About the Book
Title: Naming Rites
Author: Gary Boelhower
Release Date: May 16th 2017
Genre: Poetry
Synopsis
Gary Boelhower’s third collection of poems explores the ways we are named and branded with multiple identities, a clay vessel molded and imprinted from the inside and the outside by those who know us or think they do, by wounds, worries, stones, and nicknames, by place and absence, by teachers and traitors. Boelhower dares to name the body’s blows and pleasures and how they are celebrated in solitude and connection. His language soars with ecstasy and burrows into hidden places in the soul. His lyrics tell how the world’s pain lodges in the cells and how the fragrance of summer stars opens an aperture to healing. Boelhower is winner of the Foley Prize from America and the Midwest Book Award for his second collection Marrow, Muscle, Flight.
Purchase Links
Review
This collection offers a wide range of subjects. I immersed myself in them because I couldn’t stop reading. Each section is different, offering another view of both the simplicity and complexity of life. There are poems about coming of age, discovering love, self-acceptance, and social justice. They might be best summed up as divided into two types: revealing and healing.
The poems I’m calling “revealing” are about exposing the human condition or peeling back the layers on our own identities and shortcomings. Those I’ve termed “healing” are refreshment for the soul and a reassurance that we are loved and there is good in the world.
There are a lot of themes about love, honesty, gratitude, and hope. The first section is probably my favorite. It’s highly sensory and speaks of both the rough and gentle sides of growing up in a rural community. I say “probably” because it’s difficult to settle on one set of poems that I liked better than another nor on a specific poem which stands out as my favorite.
I love when a book of poetry can so thoroughly draw me in and provide an engaging, sensory experience.
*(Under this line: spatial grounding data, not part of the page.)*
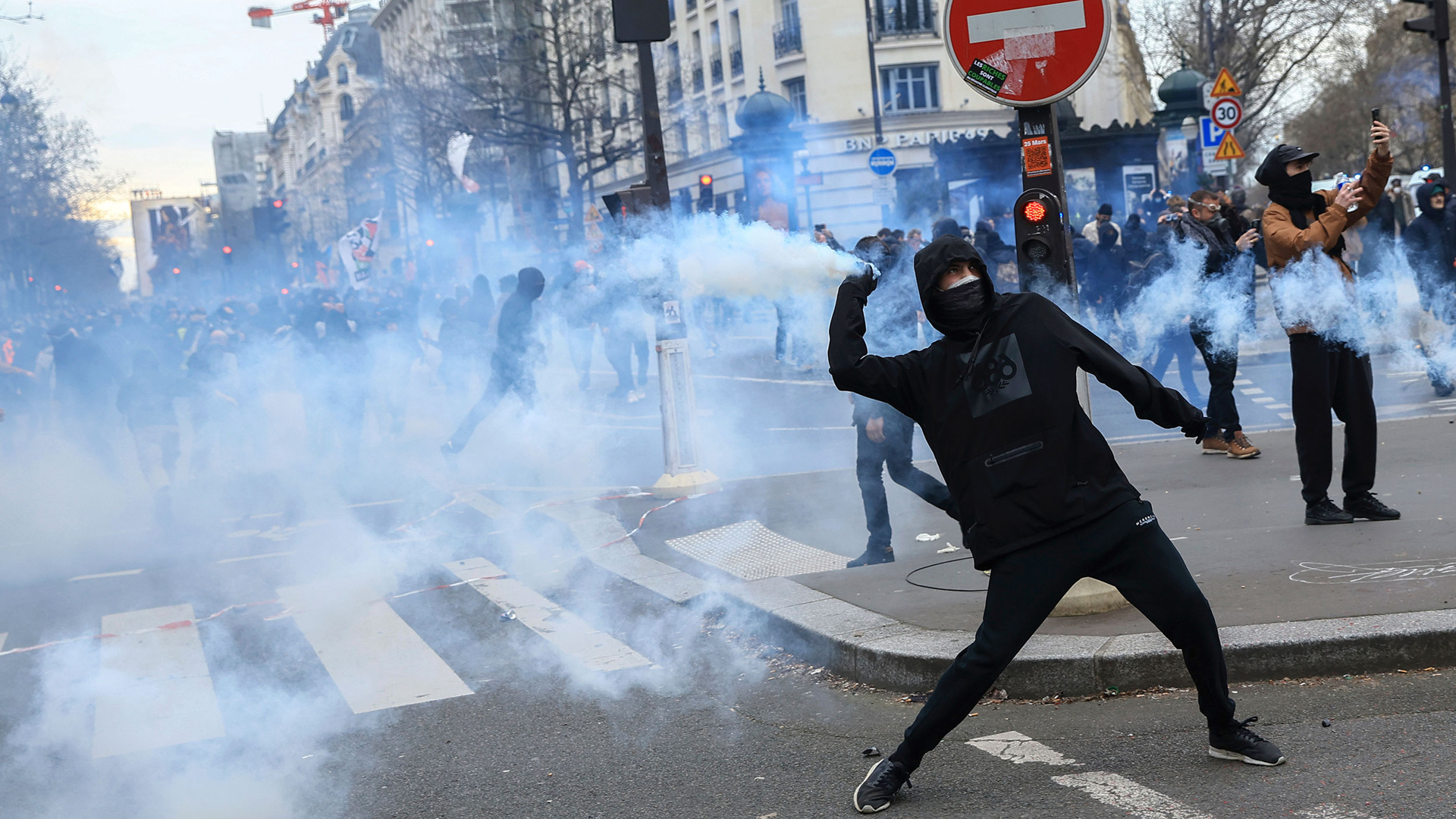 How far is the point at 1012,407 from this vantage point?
3.59m

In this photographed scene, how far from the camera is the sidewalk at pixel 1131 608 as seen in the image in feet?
15.2

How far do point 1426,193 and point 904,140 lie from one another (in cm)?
2552

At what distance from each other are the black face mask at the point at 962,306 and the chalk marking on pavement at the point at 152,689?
3.12 m

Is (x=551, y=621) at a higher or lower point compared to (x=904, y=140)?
lower

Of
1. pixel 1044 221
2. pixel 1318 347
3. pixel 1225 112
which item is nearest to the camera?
pixel 1044 221

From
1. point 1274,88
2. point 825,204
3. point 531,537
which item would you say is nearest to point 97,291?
point 825,204

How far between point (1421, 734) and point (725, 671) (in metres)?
2.50

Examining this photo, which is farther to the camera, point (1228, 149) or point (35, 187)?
point (35, 187)

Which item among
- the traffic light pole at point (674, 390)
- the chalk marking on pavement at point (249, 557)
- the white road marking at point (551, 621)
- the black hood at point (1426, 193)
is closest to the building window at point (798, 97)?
the black hood at point (1426, 193)

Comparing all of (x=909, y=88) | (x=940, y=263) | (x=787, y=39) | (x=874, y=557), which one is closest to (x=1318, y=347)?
(x=874, y=557)

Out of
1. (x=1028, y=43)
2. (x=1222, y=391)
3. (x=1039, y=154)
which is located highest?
(x=1028, y=43)

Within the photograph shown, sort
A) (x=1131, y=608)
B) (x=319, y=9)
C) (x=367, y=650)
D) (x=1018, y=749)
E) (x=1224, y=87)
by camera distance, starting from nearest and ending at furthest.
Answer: (x=1018, y=749) < (x=1131, y=608) < (x=367, y=650) < (x=1224, y=87) < (x=319, y=9)

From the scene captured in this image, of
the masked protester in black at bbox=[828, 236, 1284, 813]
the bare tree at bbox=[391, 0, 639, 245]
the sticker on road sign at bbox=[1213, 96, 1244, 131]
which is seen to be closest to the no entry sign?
the masked protester in black at bbox=[828, 236, 1284, 813]

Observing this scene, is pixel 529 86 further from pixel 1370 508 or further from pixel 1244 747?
pixel 1244 747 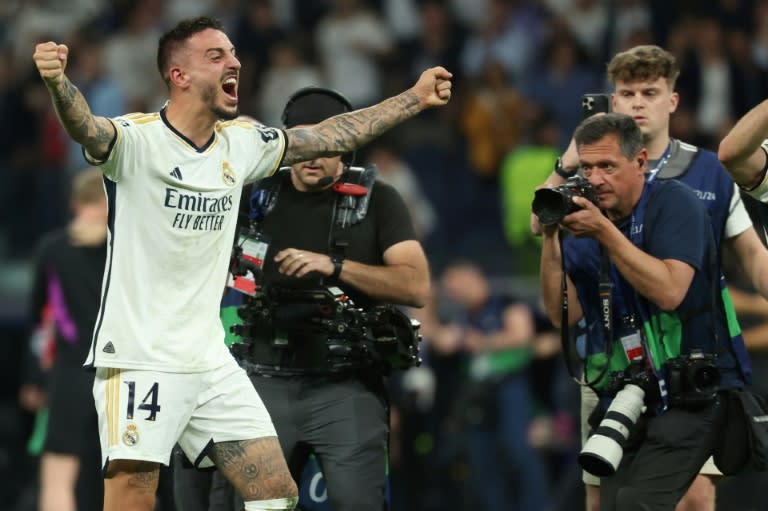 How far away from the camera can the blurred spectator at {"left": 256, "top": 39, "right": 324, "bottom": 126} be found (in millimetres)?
14633

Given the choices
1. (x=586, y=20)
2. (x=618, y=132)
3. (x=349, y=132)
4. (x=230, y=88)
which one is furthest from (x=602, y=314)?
(x=586, y=20)

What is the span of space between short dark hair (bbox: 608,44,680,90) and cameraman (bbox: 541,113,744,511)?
24.4 inches

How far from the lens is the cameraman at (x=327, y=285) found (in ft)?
22.9

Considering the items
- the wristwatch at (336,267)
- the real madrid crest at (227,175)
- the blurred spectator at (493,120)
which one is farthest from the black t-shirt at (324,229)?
the blurred spectator at (493,120)

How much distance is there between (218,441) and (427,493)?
5.99m

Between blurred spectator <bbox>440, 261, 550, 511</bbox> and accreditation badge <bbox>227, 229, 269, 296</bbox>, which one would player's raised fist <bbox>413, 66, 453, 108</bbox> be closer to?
accreditation badge <bbox>227, 229, 269, 296</bbox>

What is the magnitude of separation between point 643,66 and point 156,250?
2.51 metres

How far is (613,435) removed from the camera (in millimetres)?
6254

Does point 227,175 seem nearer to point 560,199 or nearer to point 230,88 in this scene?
point 230,88

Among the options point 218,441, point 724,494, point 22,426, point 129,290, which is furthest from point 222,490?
point 22,426

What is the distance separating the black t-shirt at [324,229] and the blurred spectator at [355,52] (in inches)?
285

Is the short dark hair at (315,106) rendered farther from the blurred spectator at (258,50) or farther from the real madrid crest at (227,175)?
the blurred spectator at (258,50)

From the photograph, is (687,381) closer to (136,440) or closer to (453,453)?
(136,440)

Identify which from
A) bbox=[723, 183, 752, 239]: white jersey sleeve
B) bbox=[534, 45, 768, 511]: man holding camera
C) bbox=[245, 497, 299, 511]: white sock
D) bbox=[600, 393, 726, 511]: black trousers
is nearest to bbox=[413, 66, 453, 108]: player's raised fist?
bbox=[534, 45, 768, 511]: man holding camera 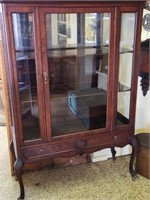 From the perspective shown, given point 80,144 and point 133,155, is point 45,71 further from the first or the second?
point 133,155

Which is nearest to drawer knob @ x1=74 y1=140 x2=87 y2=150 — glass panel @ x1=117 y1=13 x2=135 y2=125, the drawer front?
the drawer front

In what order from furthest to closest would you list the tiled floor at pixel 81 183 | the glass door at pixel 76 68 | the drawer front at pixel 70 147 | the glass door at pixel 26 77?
the tiled floor at pixel 81 183, the drawer front at pixel 70 147, the glass door at pixel 76 68, the glass door at pixel 26 77

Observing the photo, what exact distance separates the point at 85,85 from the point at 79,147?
48 centimetres

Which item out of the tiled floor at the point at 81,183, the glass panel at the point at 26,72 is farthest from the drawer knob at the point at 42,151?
the tiled floor at the point at 81,183

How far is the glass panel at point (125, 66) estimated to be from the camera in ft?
5.61

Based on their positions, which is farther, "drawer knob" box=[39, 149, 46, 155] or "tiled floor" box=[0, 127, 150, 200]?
"tiled floor" box=[0, 127, 150, 200]

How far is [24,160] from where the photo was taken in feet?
5.68

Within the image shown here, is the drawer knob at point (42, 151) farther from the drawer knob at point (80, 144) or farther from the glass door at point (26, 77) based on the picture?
the drawer knob at point (80, 144)

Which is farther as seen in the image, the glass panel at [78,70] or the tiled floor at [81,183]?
the tiled floor at [81,183]

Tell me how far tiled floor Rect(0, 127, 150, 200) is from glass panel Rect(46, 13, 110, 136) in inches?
20.8

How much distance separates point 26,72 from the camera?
5.23 feet

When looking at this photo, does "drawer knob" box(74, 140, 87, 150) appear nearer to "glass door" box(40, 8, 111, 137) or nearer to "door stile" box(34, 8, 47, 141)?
"glass door" box(40, 8, 111, 137)

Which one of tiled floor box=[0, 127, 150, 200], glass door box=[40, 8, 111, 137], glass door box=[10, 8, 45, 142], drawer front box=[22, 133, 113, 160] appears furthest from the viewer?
tiled floor box=[0, 127, 150, 200]

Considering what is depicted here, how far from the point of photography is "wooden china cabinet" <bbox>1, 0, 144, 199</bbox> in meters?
1.50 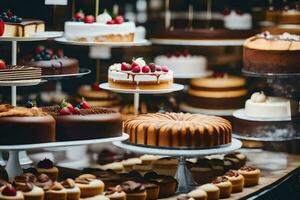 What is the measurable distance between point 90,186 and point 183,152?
0.73 meters

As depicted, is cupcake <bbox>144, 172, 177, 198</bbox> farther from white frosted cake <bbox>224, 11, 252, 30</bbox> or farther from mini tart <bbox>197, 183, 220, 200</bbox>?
white frosted cake <bbox>224, 11, 252, 30</bbox>

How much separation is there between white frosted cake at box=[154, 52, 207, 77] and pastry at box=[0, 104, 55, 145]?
3151 millimetres

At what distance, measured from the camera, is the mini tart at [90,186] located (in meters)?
5.59

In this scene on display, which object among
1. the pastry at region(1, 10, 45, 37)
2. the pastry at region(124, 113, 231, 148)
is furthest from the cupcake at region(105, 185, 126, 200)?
the pastry at region(1, 10, 45, 37)

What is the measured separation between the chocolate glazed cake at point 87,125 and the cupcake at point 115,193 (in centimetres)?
41

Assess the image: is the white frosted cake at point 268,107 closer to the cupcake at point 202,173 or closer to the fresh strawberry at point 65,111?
the cupcake at point 202,173

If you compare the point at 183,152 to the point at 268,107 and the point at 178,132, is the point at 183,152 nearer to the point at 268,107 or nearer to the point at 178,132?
the point at 178,132

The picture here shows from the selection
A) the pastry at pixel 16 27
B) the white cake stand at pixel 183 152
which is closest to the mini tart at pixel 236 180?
the white cake stand at pixel 183 152

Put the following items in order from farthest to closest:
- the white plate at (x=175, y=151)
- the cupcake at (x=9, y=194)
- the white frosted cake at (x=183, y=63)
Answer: the white frosted cake at (x=183, y=63) → the white plate at (x=175, y=151) → the cupcake at (x=9, y=194)

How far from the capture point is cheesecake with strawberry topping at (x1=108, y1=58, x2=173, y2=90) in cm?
645

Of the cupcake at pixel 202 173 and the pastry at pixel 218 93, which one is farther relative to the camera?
the pastry at pixel 218 93

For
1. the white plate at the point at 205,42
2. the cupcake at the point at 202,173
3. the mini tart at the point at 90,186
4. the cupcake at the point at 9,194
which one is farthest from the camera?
the white plate at the point at 205,42

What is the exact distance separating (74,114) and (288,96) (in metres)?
2.71

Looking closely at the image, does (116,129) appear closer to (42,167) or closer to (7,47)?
(42,167) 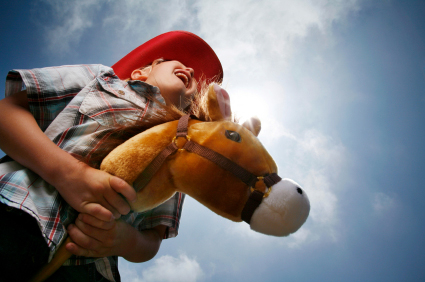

While I understand that poetry may not be everyone’s cup of tea, these are worth reading. I ended up going through them quickly, both for reviewing and because I didn’t want to put the book down. However, now I want to go back through and read them more slowly and carefully, savoring them.
It’s difficult to capture in a single review just how much I loved these poems. All I can say is that they took me through a full range of emotions, and I’m a better person for having read them.
For beautiful words, a sensory experience, and the refreshment of my soul, this gets 10/10 fountain pens.
Excerpt
IN THE SILENCE
footsteps crunch on the cold snow
heaven’s full of falling mercy
the big arms of the pine
spread in prayer shawled in white
the whole everyday machine muffled
if everyone could say their name
in such silence we might hear
each one might send their small swirl
of hopes and prayers
spiraling out like sufi robes
in the dervish dance
and we might all
hear each other’s hands rise up
and we would know the one world’s song
all our rituals are attempts at listening
all our songs a preparation
for emptiness when our words
have all fallen away because we know
we are all whirling together
wherever you are however you do it
notice how we are all whirling together
in the great round dance
on this tiny rock with fire in its soul
through the grand galaxies
spinning with mercy and wonder
About the Author
Gary Boelhower’s poetry has been published in many anthologies and journals. His second collection of poems published in 2011, Marrow, Muscle, Flight won the Midwest Book Award. He was awarded the Foley Prize in poetry from America magazine in 2012 and a career development grant from the Arrowhead Regional Arts Council in 2010. His recent nonfiction books include Choose Wisely: Practical Insights from Spiritual Traditions, and Mountain 10: Climbing the Labyrinth Within,(co-authored with Joe Miguez and Tricia Pearce). His third collection of poems, Naming Rites, was published in April by Holy Cow! Press. Gary teaches courses in spirituality, ethics and leadership at The College of St. Scholastica where he is a professor in the Theology and Religious Studies Department.
Giveaway
WIN a copy of Naming Rites and Marrow, Muscle, Flight by Gary Boelhower
Kirsty Bicknell
Wow! What a fab review 🙂 Thank you for participating in the tour xx
AM Leibowitz
😀 It was a pretty fab book of poetry, and a really nice change of pace for me from reviewing novels! I hope this generates some interest for the author.